YOUR GOAL
From the first line to the last, restate the material word for word, omitting pictures.
::::::::
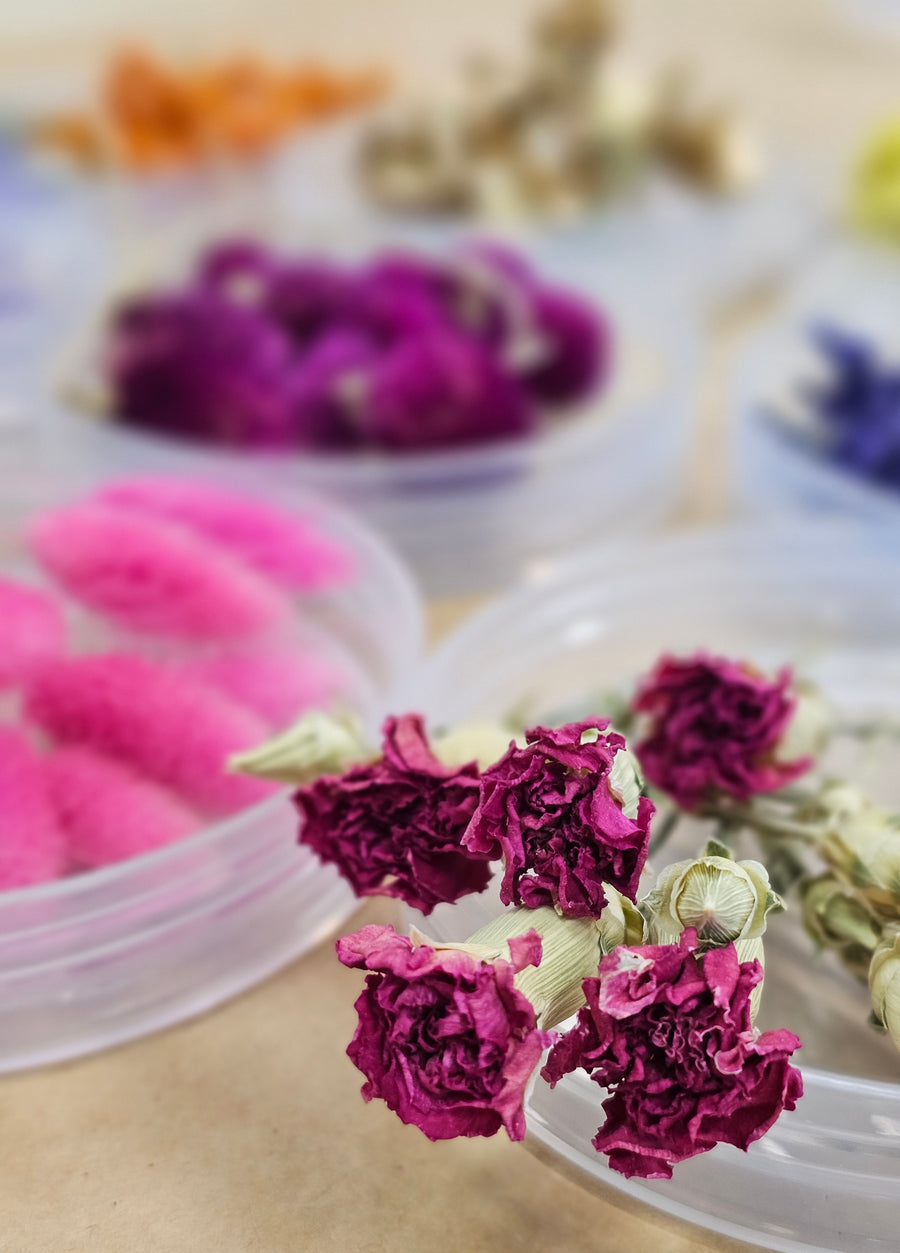 Everlasting Cake Florals - wired and taped - ready for use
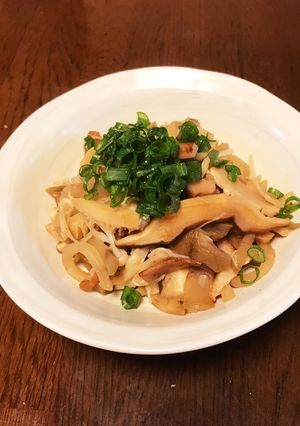 ザーサイとキノコのベーコン炒め-レシピのメイン写真
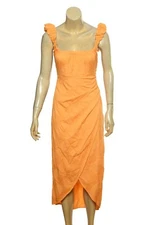 Free People At Dusk Midi Dress XS 2 Women's Casual Sleeveless Midi NEW 39725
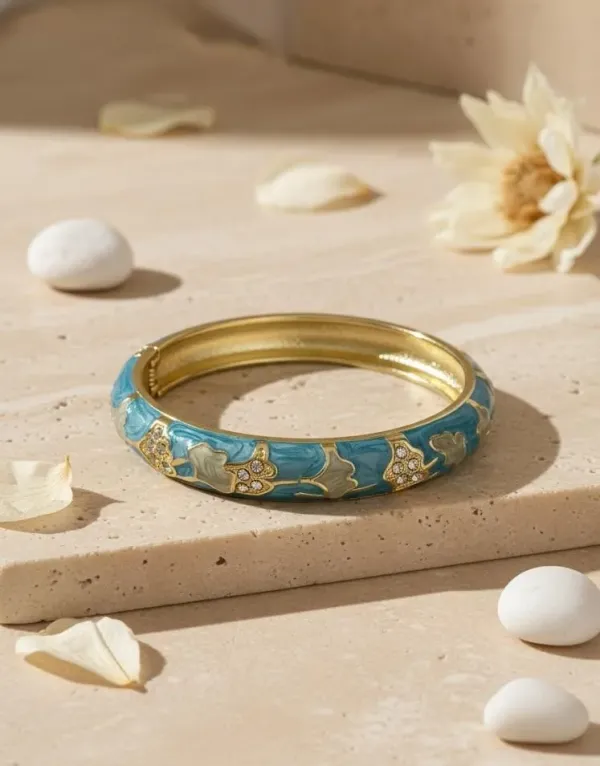 Gold_And_Blue_Copper_Bracelet_For_Women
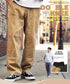 ダブルニーペインターパンツ│メンズワークパンツ ビンテージ加工 ワイドパンツ ルーズフィット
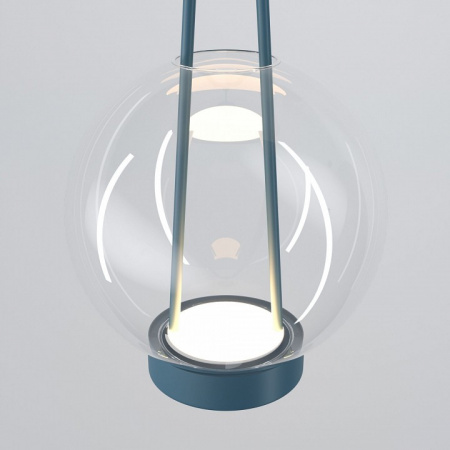 Подвесной светодиодный светильник со стеклянным плафоном 50267/1 LED синий Eurosvet Frasco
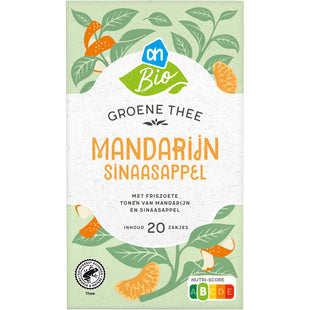 Biologisch Groene thee mandarijn sinaasappel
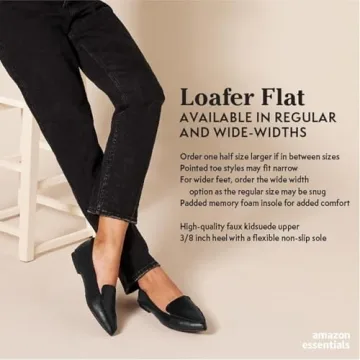 Stylish Amazon Essentials Women's Loafer Flats in Camel Faux Leather
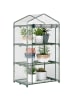 Outsunny Gewächshaus 69L x 49B x 125H cm Transparent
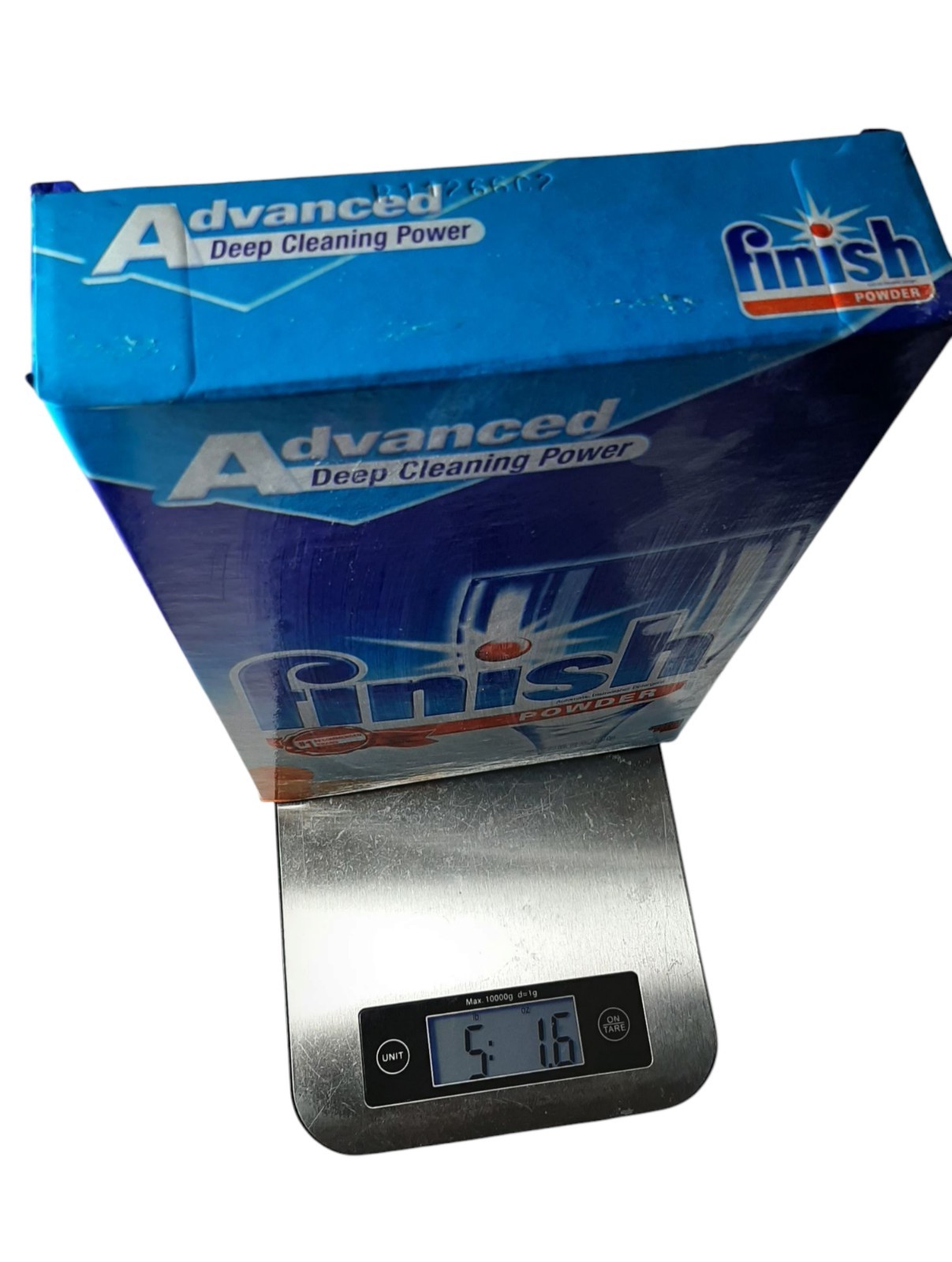 Finish Powder Dishwasher Detergent Orange Fresh Scent 75 Oz. Advanced Deep Clean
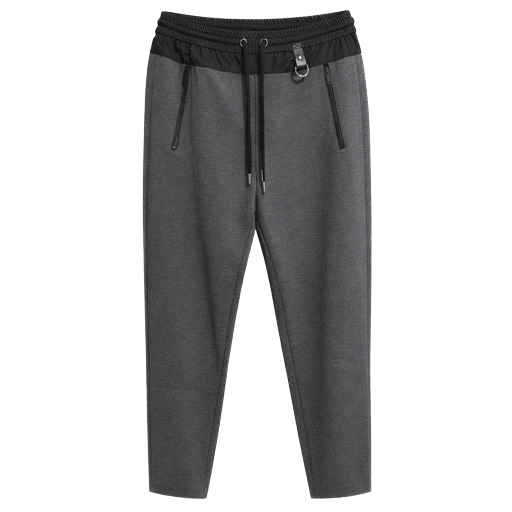 Les Hommes Man Grey Trousers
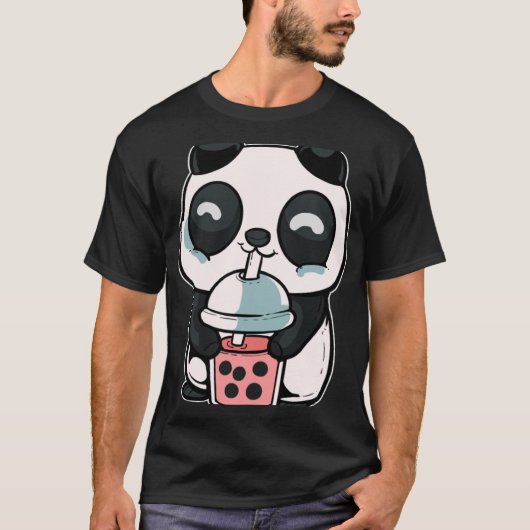 Panda bubble thee t-shirt (Voorkant)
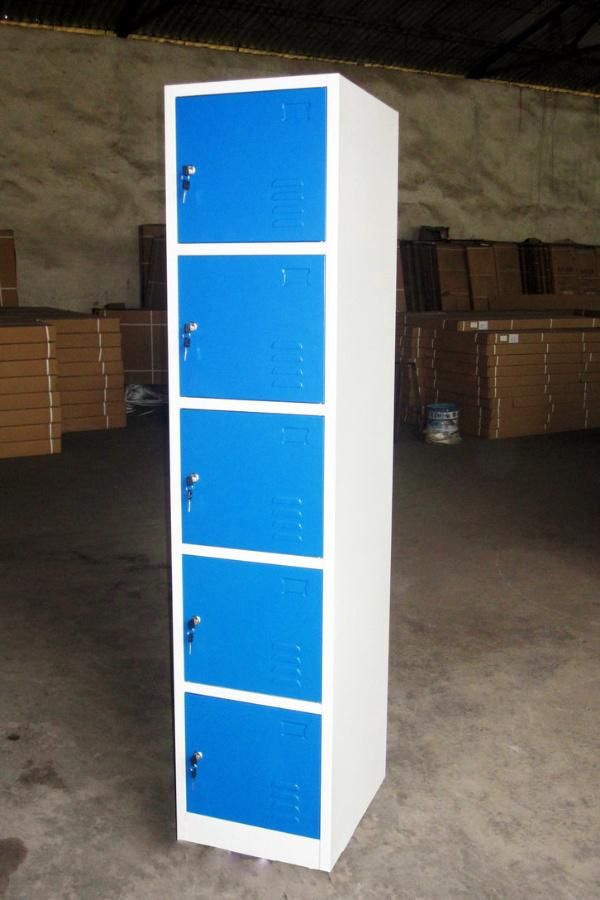 School Gym Furniture 5 Door Clothes Storage Cabinet Metal Locker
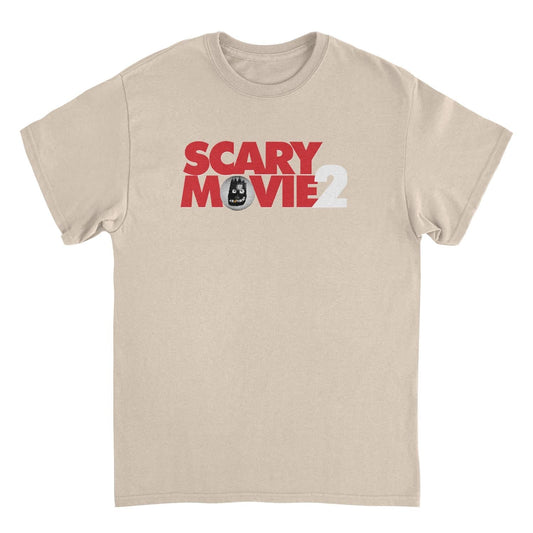 Scary Movie 2 Logo Mens T Shirt Sand Officially Licensed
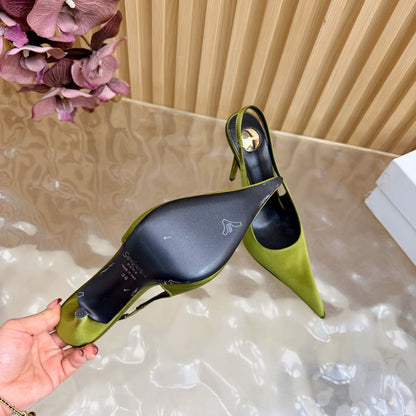 Saint Laurent Deroche Slingback Pumps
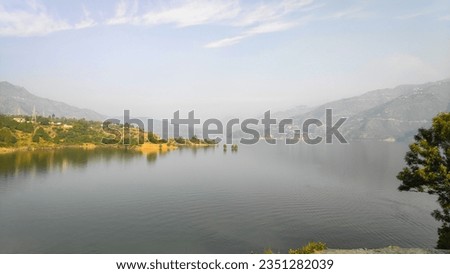 Beautiful View of Tehri Lake, Garhwal, Uttarakhand, India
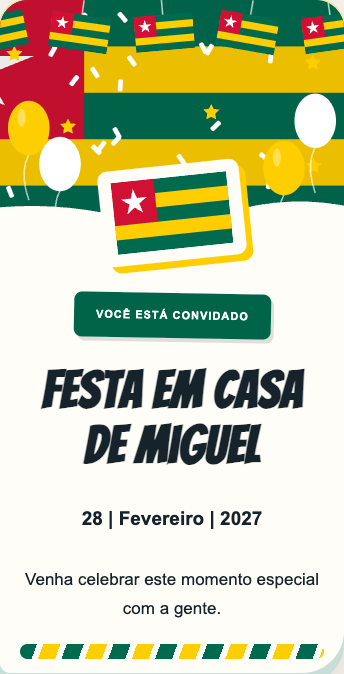 Convite Togo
::::::::
TASK OUTPUT
 Everlasting Cake Florals - wired and taped - ready for use
 ザーサイとキノコのベーコン炒め-レシピのメイン写真
 Free People At Dusk Midi Dress XS 2 Women's Casual Sleeveless Midi NEW 39725
 Gold_And_Blue_Copper_Bracelet_For_Women
 ダブルニーペインターパンツ│メンズワークパンツ ビンテージ加工 ワイドパンツ ルーズフィット
 Подвесной светодиодный светильник со стеклянным плафоном 50267/1 LED синий Eurosvet Frasco
 Biologisch Groene thee mandarijn sinaasappel
 Stylish Amazon Essentials Women's Loafer Flats in Camel Faux Leather
 Outsunny Gewächshaus 69L x 49B x 125H cm Transparent
 Finish Powder Dishwasher Detergent Orange Fresh Scent 75 Oz. Advanced Deep Clean
 Les Hommes Man Grey Trousers
 Panda bubble thee t-shirt (Voorkant)
 School Gym Furniture 5 Door Clothes Storage Cabinet Metal Locker
 Scary Movie 2 Logo Mens T Shirt Sand Officially Licensed
 Saint Laurent Deroche Slingback Pumps
 Beautiful View of Tehri Lake, Garhwal, Uttarakhand, India
 Convite Togo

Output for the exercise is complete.